-- INPUT RECORDS --
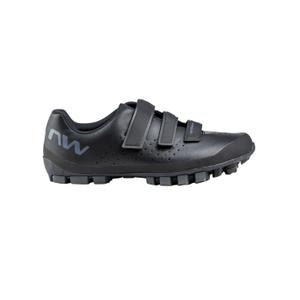 nwb80242029-black-dark-grey-chaussures-northwave-hammer-black-dark-grey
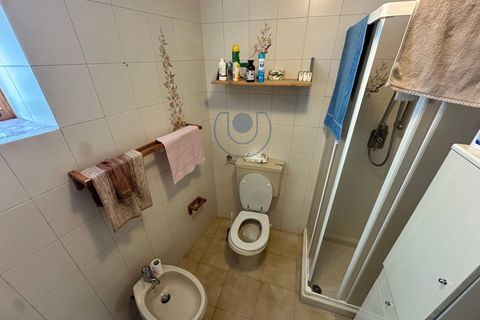 Villa i Coazze, Turin, Coazze - € 93.000 | Ref: 2193 - foto 10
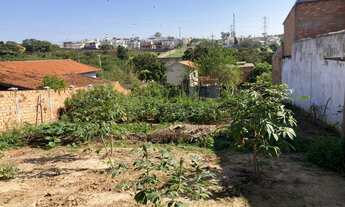 Imagem 7: Lote/Terreno para venda tem 535 metros quadrados em Parque dos Pomares - Campinas - SP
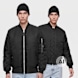 Alpha Industries MA-1 Heritage noir 108170 1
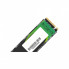 Накопитель SSD M.2 2280 256GB Apacer (AP256GAS2280P4X-1) (18621)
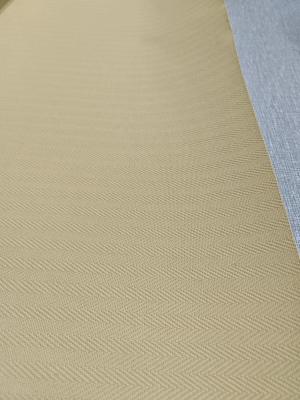 Chine 200GSM flame resistant  woven aramid fabric à vendre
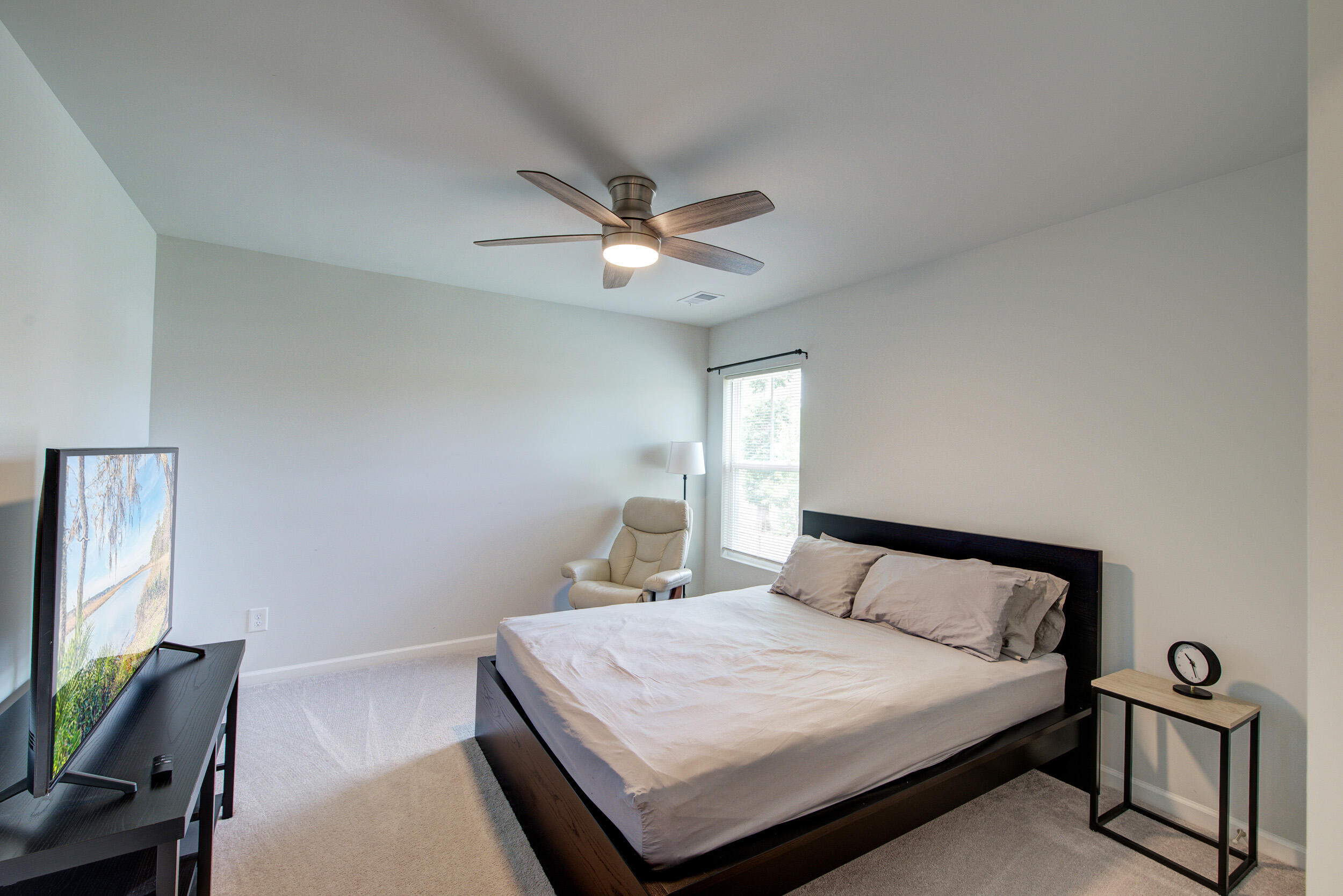 625 Jancus Street Charleston, SC 29414 - Photo 31 of 74 625 Jancus St-36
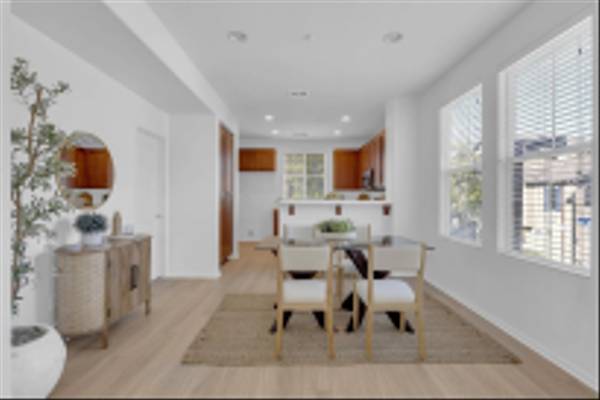 Chula Vista, CA 91915,2712 Slippery Elm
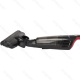 Obrázok pre Bezšnúrový tyčový vysávač WAND 85W , 2200mAh , 18V , 0,4L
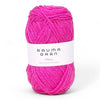 4686 Skarp rosa
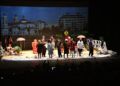 reino-alaguita-coac-2023-carnaval-009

-- WORK TO BE COMPLETED --
Print the records above again exactly. Leave out the images.

-- OUTPUT OF THE EXERCISE --
 nwb80242029-black-dark-grey-chaussures-northwave-hammer-black-dark-grey
 Villa i Coazze, Turin, Coazze - € 93.000 | Ref: 2193 - foto 10
 Imagem 7: Lote/Terreno para venda tem 535 metros quadrados em Parque dos Pomares - Campinas - SP
 Alpha Industries MA-1 Heritage noir 108170 1
 Накопитель SSD M.2 2280 256GB Apacer (AP256GAS2280P4X-1) (18621)
 Chine 200GSM flame resistant  woven aramid fabric à vendre
 625 Jancus Street Charleston, SC 29414 - Photo 31 of 74 625 Jancus St-36
 Chula Vista, CA 91915,2712 Slippery Elm
 Obrázok pre Bezšnúrový tyčový vysávač WAND 85W , 2200mAh , 18V , 0,4L
 4686 Skarp rosa
 reino-alaguita-coac-2023-carnaval-009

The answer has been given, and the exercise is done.